Start of Dataset extract

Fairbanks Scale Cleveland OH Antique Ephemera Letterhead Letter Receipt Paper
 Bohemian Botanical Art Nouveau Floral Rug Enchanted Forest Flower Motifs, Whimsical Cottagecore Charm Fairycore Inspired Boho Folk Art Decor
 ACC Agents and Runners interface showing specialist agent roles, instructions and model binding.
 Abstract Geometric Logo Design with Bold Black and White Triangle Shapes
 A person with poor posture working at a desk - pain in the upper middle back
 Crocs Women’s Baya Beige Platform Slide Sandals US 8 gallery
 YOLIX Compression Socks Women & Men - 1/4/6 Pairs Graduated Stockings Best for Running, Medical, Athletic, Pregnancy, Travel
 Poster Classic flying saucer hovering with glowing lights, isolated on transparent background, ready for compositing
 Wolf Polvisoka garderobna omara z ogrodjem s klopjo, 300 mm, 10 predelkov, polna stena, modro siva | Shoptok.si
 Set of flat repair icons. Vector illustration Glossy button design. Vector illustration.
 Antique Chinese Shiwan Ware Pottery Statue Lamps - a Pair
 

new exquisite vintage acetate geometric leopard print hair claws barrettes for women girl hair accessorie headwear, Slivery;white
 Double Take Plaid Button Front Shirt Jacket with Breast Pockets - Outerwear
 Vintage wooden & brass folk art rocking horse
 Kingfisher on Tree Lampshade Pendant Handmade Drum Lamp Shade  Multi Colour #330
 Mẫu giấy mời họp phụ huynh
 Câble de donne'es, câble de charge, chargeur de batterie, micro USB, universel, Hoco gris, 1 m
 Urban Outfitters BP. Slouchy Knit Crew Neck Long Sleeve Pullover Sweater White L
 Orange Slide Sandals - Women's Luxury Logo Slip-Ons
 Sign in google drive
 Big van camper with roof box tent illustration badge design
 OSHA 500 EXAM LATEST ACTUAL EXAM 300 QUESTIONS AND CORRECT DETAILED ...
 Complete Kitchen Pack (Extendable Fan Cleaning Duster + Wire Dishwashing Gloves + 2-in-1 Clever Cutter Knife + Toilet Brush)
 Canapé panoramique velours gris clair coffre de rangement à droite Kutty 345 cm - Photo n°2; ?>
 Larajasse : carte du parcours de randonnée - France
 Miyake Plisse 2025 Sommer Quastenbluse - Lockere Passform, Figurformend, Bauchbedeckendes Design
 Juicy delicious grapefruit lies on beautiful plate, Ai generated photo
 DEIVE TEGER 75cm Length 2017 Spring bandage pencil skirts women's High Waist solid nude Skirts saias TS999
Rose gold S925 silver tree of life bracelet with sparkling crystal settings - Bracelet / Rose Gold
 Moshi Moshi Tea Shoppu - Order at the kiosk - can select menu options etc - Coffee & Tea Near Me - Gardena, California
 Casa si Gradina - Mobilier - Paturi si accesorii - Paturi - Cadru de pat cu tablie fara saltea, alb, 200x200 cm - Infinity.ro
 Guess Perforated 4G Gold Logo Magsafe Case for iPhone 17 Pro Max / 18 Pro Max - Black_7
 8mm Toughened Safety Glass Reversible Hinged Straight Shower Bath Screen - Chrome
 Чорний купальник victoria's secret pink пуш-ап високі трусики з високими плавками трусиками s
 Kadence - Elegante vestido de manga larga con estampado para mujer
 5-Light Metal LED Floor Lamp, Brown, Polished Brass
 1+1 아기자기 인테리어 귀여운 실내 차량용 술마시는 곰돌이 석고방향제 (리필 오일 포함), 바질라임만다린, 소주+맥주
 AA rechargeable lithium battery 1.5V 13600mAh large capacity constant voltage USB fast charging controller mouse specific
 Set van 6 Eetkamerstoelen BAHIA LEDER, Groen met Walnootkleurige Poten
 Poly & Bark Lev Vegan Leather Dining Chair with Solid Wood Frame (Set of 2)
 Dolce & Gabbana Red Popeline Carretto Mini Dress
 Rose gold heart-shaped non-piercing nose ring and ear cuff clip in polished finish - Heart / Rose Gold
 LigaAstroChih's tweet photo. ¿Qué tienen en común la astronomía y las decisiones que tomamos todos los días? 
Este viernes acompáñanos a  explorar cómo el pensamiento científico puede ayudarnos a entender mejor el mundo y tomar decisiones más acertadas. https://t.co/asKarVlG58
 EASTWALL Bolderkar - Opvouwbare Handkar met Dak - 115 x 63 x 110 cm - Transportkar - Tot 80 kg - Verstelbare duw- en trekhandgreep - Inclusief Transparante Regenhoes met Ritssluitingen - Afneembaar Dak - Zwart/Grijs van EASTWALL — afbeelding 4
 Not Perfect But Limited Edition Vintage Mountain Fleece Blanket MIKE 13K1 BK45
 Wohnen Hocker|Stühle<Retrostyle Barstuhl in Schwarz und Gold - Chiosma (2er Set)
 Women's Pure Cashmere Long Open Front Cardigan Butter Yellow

End of Dataset extract

* Exercise details *
What are the lines above, starting at the one with "Double Take Plaid" and ending at the one with "Rose gold S925"? Give them again exactly, and only them.

* Finished task *
 Double Take Plaid Button Front Shirt Jacket with Breast Pockets - Outerwear
 Vintage wooden & brass folk art rocking horse
 Kingfisher on Tree Lampshade Pendant Handmade Drum Lamp Shade  Multi Colour #330
 Mẫu giấy mời họp phụ huynh
 Câble de donne'es, câble de charge, chargeur de batterie, micro USB, universel, Hoco gris, 1 m
 Urban Outfitters BP. Slouchy Knit Crew Neck Long Sleeve Pullover Sweater White L
 Orange Slide Sandals - Women's Luxury Logo Slip-Ons
 Sign in google drive
 Big van camper with roof box tent illustration badge design
 OSHA 500 EXAM LATEST ACTUAL EXAM 300 QUESTIONS AND CORRECT DETAILED ...
 Complete Kitchen Pack (Extendable Fan Cleaning Duster + Wire Dishwashing Gloves + 2-in-1 Clever Cutter Knife + Toilet Brush)
 Canapé panoramique velours gris clair coffre de rangement à droite Kutty 345 cm - Photo n°2; ?>
 Larajasse : carte du parcours de randonnée - France
 Miyake Plisse 2025 Sommer Quastenbluse - Lockere Passform, Figurformend, Bauchbedeckendes Design
 Juicy delicious grapefruit lies on beautiful plate, Ai generated photo
 DEIVE TEGER 75cm Length 2017 Spring bandage pencil skirts women's High Waist solid nude Skirts saias TS999
Rose gold S925 silver tree of life bracelet with sparkling crystal settings - Bracelet / Rose Gold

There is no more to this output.